Waters knew the law is on her side. The Pregnancy Discrimination Act makes it illegal to fire, or not hire, a woman because she is pregnant. The law even restricts workplace speech. Employers are warned that in a job interview they must never ask questions like, "Might you start a family?"

If Congress thought the law would end claims of workplace discrimination, it was wrong, as usual. Companies are increasingly being sued. Even a maternity-clothing chain was sued.

Waters's lawyer, David Sanford, filed a class-action lawsuit against Novartis. "If you get pregnant, you're in trouble at Novartis," he told me.

Novartis denies wrongdoing and points out that Working Mother magazine named it one of America's 100 best companies for women.

Sanford claims that his $200-million lawsuit will teach Novartis and other companies not to discriminate.

But Carrie Lukas says such lawsuits do more harm than good. Lukas is also a working mom, vice president of the Independent Women's Forum.

"If my employer decides they no longer want me as an employee, then it should be their right to fire me." she told me. "I understand the desire for people to have government step in and try to protect women, but there's real costs to government intervention."

These costs are rarely talked about publicly. But once Congress creates protected groups, some employers avoid hiring members of those groups. After the Americans with Disabilities Act became law, it was assumed more disabled people would enter the workplace. But a study by economists at MIT found employment actually "dropped sharply."

Likewise, "pregnancy protection" creates problems for women.

"Sometimes laws that are intended to help women like me actually end up hurting women like me," Lukas said. "All of a sudden, a potential employer is looking at me and thinking, 'She just might turn around and sue us.' That makes it less likely that I'm going to get hired. You raise the cost of hiring a woman like me."

And while some pregnant women work harder than any man, she says, let's be honest: Most pregnant workers impose costs on employers.

"Responsibilities are shifted each time I go to a doctor's appointment," Lukas said. "That means I'm unavailable to do whatever work needs to be done during that time, which means one of my colleagues is often picking up the slack."

As free-market economists have long suggested, there's a way to resolve such a conflict: voluntary exchange for mutual benefit. Carrie and her employer made a deal that works for both of them. She works fewer hours and earns less money.

I confronted Sanford with the idea that lawsuits he files actually harm women because companies view them as potential lawsuit bombs.

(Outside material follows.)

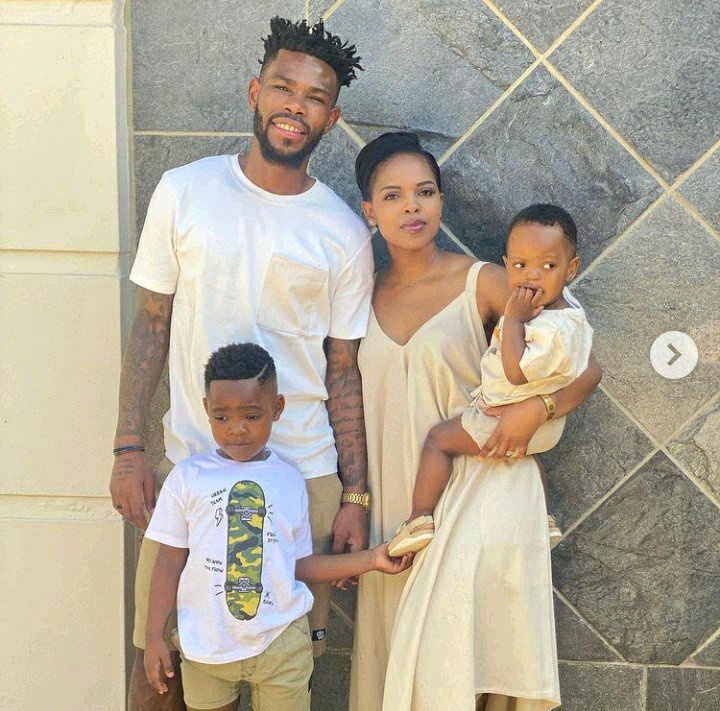 Thulani Hlatshwayo’s Wife Is Successful And Educated, Here’s What She Does For A Living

He was unfazed: "If they do take that position, they'd be violating the law. If companies lose money because of it -- and they may -- that's not necessarily a bad thing from a societal perspective."

I think it's a very bad thing. Employment and productivity matter. But viewers agreed with him. I got hate mail:

"It is unbelievable that ABC would consider airing this piece! ... This turns back the clock 30 years, and Betty Friedan is rolling in her grave!"

"What in the heck is wrong with you, John Stossel? This kind of backwards thinking only exists in third world countries."

"Fire Stossel."

How would the job market work without discrimination laws?

"You don't have to hire me, and I don't have to work for you," answers Carrie Lukas.

Who would hire pregnant women?

"Plenty of employers. ... Women are incredibly productive members of the workforce," Lukas said. "We have a lot to offer. If an employer is going to discriminate against enough people, it's going to be bad for them in the long run. It's a bad business practice. And that's the best way to prevent discrimination."